*** Data for review ***
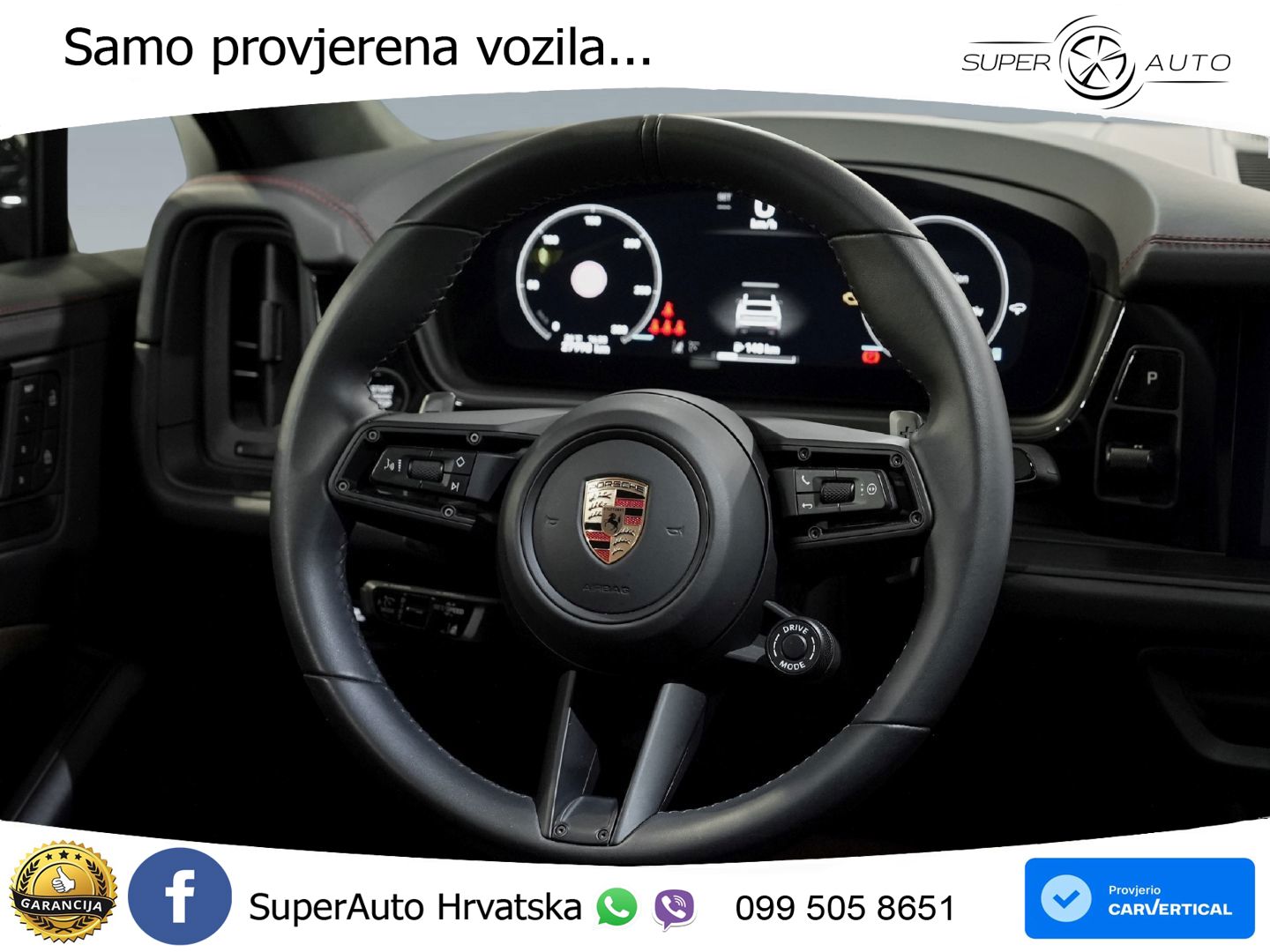 Porsche Cayenne Coupe GTS 4.0 V8 (500 KS) Tiptronic S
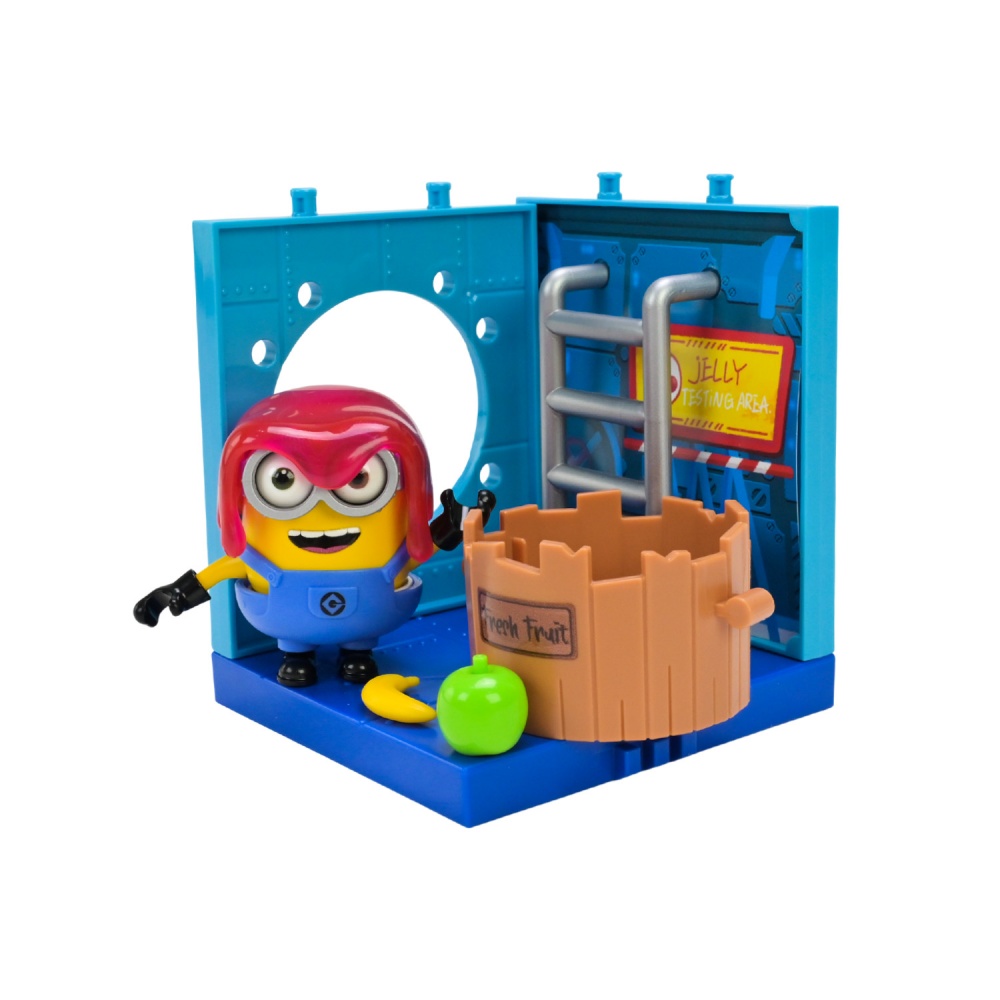 Фігурка-конструктор Blokees Minions серія 1 (4 види) 74839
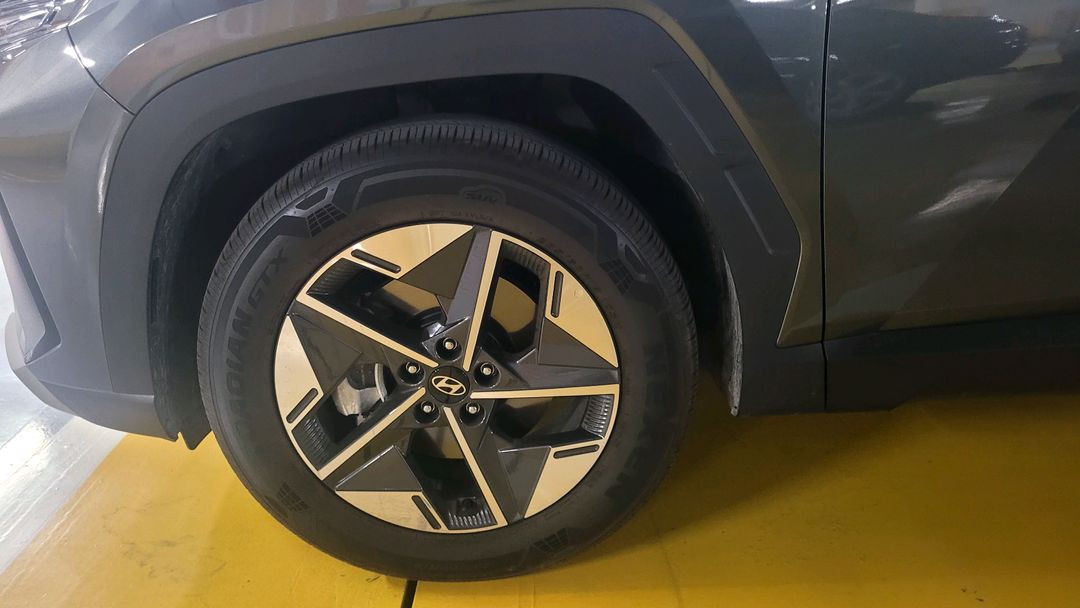 투싼 프리미엄 2025년1월식 6,500km 이미지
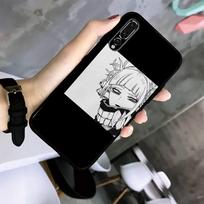 Himiko Toga telefono dėklas, skirtas Huawei G7 G8 P7 P8 P9 P10 P20 P30 Lite Mini Pro P Smart Plus Cove Fundas P20Lite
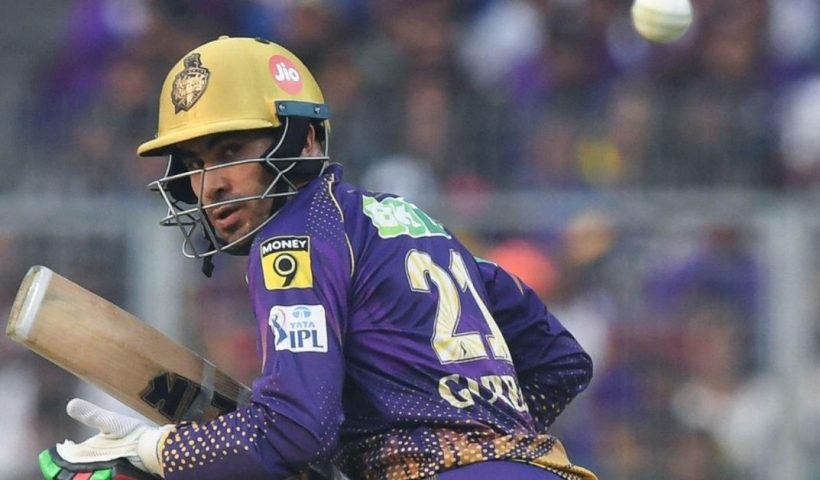 rahmanullah gurbaz will join kkr for ipl 2024 soon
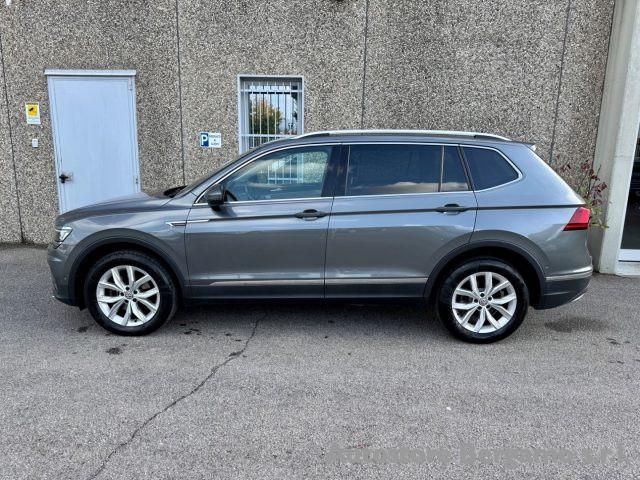 VOLKSWAGEN Tiguan Allspace 2.0 TDI SCR DSG Advanced BMT"VIRTUAL"FULL LED"FULL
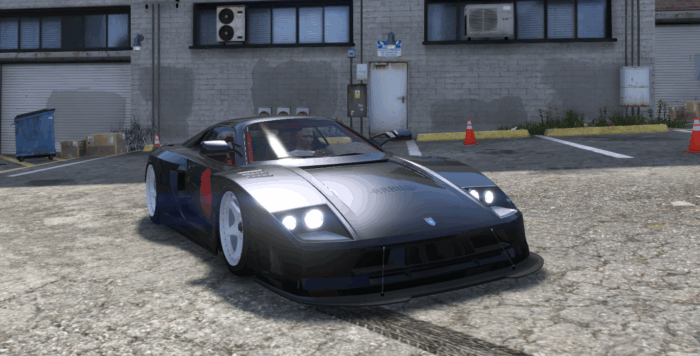 Grotti Turismo Classic CTX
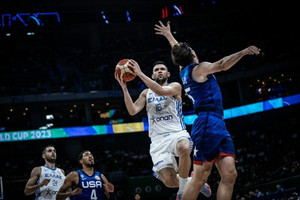 LIVE STREAMING: Ελλάδα-Νέα Ζηλανδία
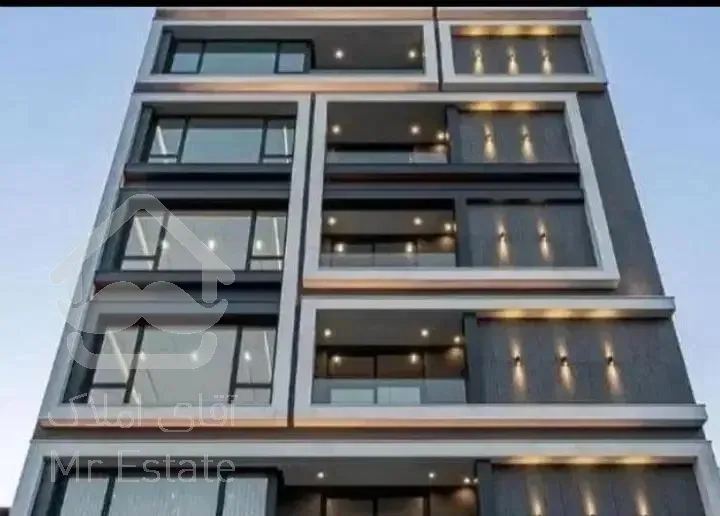 فروش 110متری شمالی و جنوبی تکمیل نصر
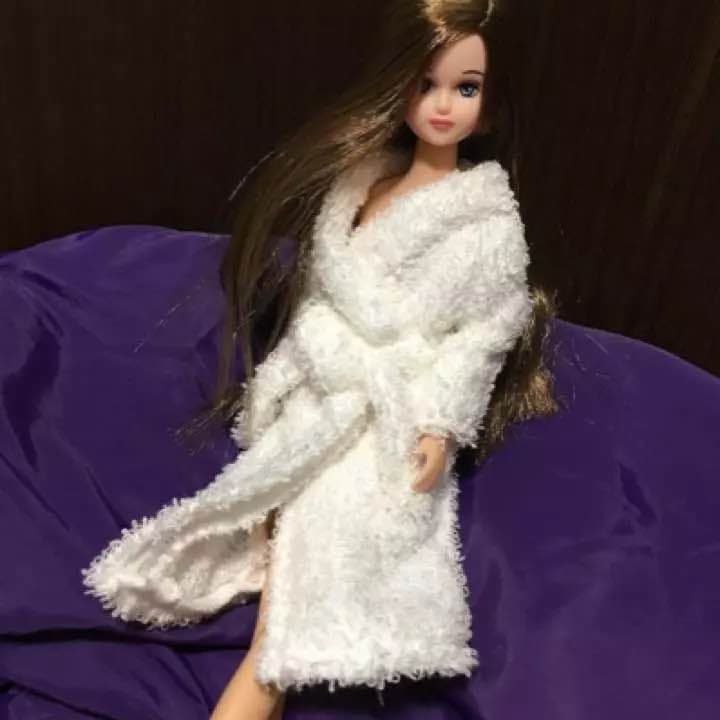 注文受付  ドール用！バスローブ！！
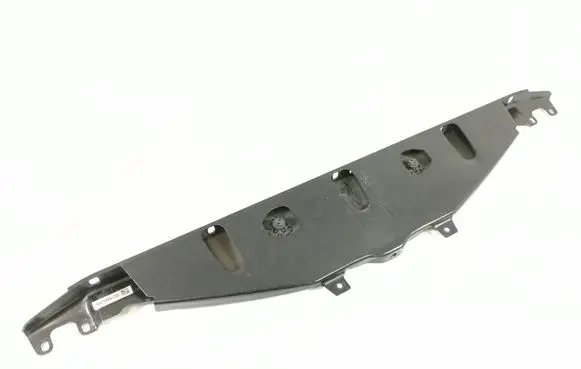 BMW 6 F12 F13 Radiator support slam panel bracket 7267356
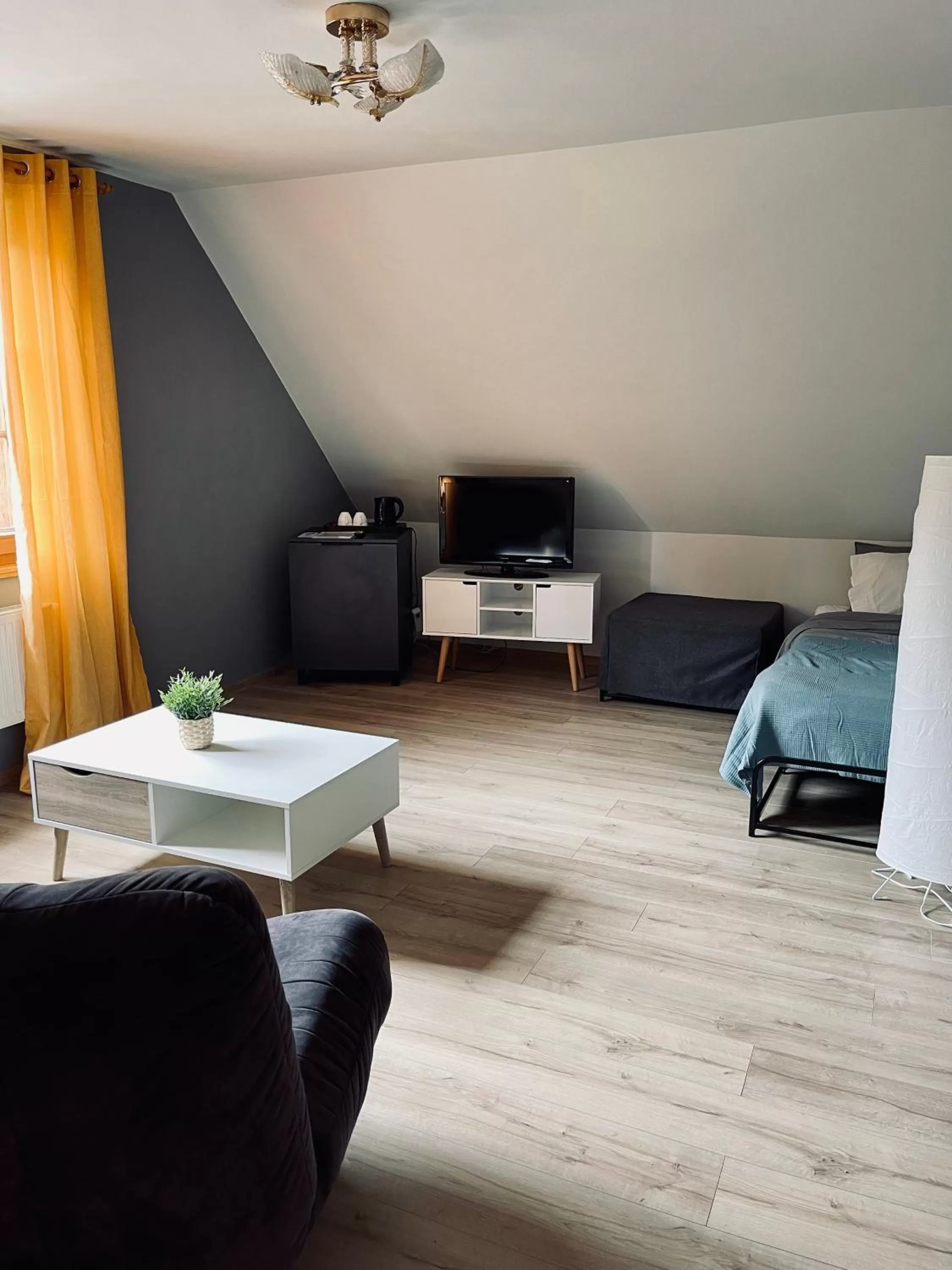 Bed in Skalny Dworek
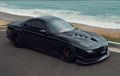 Mazda RX-7 Misterius Tampilan Serba Hitam, Ekspos Aura Sporty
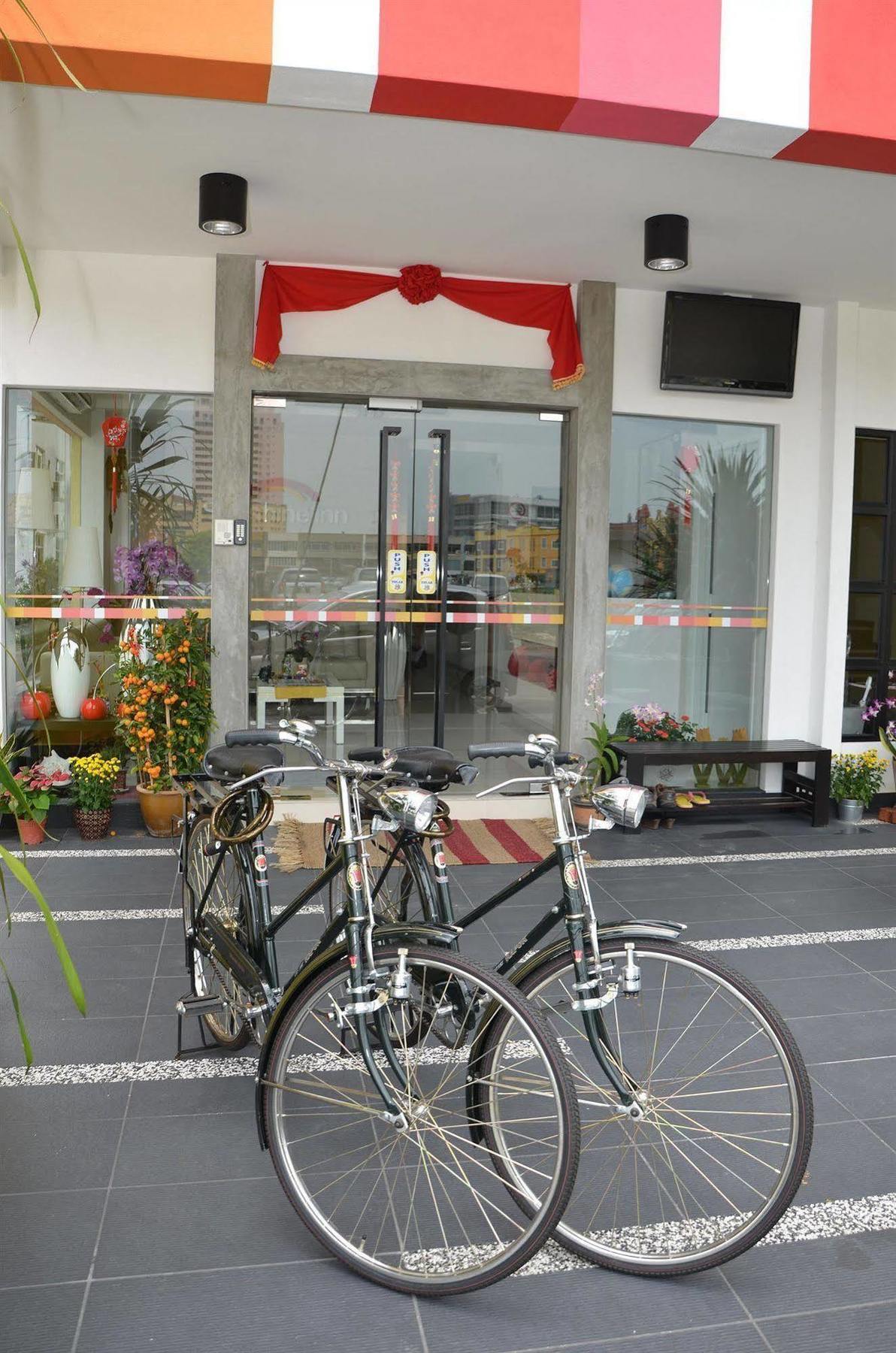 Sunshine Inn Malacca Exteriör bild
***
▸ Task
Print exactly the line containing "BMW 6 F12 F13" and every line after it through the final line above, and leave all pictures out.

▸ Worked solution
 BMW 6 F12 F13 Radiator support slam panel bracket 7267356
 Bed in Skalny Dworek
 Mazda RX-7 Misterius Tampilan Serba Hitam, Ekspos Aura Sporty
 Sunshine Inn Malacca Exteriör bild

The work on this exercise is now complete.